[[ GIVEN RECORDS open ]]

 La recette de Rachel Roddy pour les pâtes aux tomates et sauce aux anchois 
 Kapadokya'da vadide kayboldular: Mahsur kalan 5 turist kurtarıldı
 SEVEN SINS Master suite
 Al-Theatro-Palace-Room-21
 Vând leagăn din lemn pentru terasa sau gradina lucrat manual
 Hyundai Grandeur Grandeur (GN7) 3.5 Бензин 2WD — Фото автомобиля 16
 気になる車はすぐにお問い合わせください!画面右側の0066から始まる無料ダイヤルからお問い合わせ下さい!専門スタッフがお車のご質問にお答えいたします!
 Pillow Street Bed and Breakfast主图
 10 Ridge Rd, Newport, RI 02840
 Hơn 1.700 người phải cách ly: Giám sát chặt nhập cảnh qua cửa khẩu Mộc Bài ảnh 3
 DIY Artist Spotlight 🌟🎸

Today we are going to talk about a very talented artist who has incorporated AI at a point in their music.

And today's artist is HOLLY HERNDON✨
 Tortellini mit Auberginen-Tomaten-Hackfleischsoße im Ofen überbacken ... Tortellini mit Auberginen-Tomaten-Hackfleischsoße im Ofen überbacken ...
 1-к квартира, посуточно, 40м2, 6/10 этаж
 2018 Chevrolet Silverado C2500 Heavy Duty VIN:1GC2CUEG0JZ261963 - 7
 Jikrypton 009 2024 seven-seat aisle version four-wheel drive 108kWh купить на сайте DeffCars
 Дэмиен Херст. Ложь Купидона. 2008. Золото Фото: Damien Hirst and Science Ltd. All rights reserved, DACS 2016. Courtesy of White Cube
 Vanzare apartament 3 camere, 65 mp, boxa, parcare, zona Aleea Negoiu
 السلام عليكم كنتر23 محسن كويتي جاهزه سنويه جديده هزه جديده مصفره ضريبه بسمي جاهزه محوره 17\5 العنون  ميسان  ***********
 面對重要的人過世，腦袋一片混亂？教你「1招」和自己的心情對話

[[ GIVEN RECORDS closed ]]

Write out the listing's lines exactly, from its first line through the line that contains "Vând leagăn din", and stop there.

SOLUTION TO THE EXERCISE
 La recette de Rachel Roddy pour les pâtes aux tomates et sauce aux anchois 
 Kapadokya'da vadide kayboldular: Mahsur kalan 5 turist kurtarıldı
 SEVEN SINS Master suite
 Al-Theatro-Palace-Room-21
 Vând leagăn din lemn pentru terasa sau gradina lucrat manual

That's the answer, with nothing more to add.